Lo stile del confratello è servizio, cordialità e amore per il Signore

Celebrato in Sant'Agostino, in occasione del Giugno Antoniano, un momento particolarmente dedicato alle confraternite e alle pie unioni alla presenza di don Franco Ponchia, delegato per il Lazio della Confederazione Confraternite delle Diocesi d’Italia

È stata anche un’occasione per riflettere con semplicità su cosa voglia dire essere confratelli, cioè impegnati in una confraternita o in una pia unione, la Messa presieduta dal don Franco Ponchia, delegato per il Lazio della Confederazione Confraternite delle Diocesi d’Italia, nella basilica di Sant’Agostino in occasione del Giugno Antoniano. Domenica 26 è stata infatti quella che il programma dei festeggiamenti ha dedicato questo particolare modo di stare nella Chiesa ed essere cristiani.

«Noi veniamo a Messa, non per soddisfare un precetto – ha spiegato con uno stile semplice e colloquiale don Franco – ma spinti dall’amore, per tornare fuori e agire come l’amore che è in Gesù. Ci riusciremo? Vi dico subito di no! Da soli mai, con lo spirito del Signore sempre».

Ponchia ha paragonato i confratelli agli apostoli che accompagnano Gesù preparandogli la strada verso Gerusalemme, sottolineandone tanto l’amore quanto i difetti e l’irruenza. La pagina di Luca mostra infatti Giacomo e Giovanni preda dello spirito di vendetta davanti a un villaggio dei Samaritani che rifiuta di ricevere Gesù. E il rimprovero del Maestro emerge come una guida nello scegliere tra il bene e il male, tra fare la cosa giusta e quella sbagliata. Il punto sta nel riconoscere da «quale spirito si viene animati», se abbiamo nel cuore la vendetta e l’idea che sono sempre gli altri a sbagliare, o se piuttosto siamo capaci di assumere lo spirito della cordialità.

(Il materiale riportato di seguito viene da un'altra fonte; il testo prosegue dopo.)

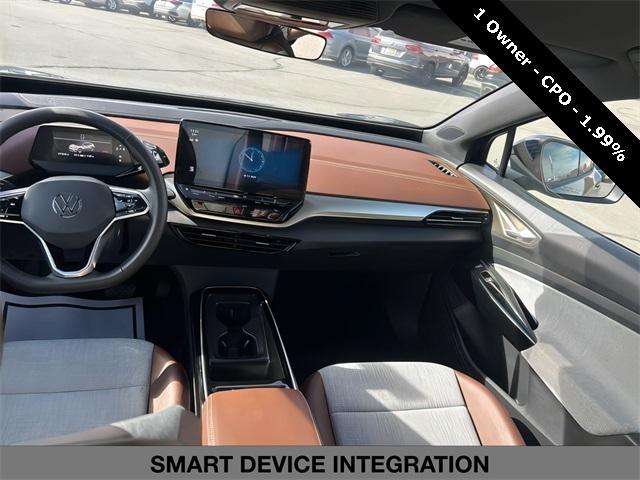 used 2023 Volkswagen ID.4 car, priced at $24,541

Il secondo, ovviamente, è quello consono ai confratelli, insieme a quello del servizio: «Non siamo i migliori, siamo come tutti che un po’ fanno bene, un po’ fanno male, ma abbiamo la voglia di stare nel campo del Signore, di lasciarci sorreggere da lui, che ha il nome di ciascuno di noi inciso sulla sua mano».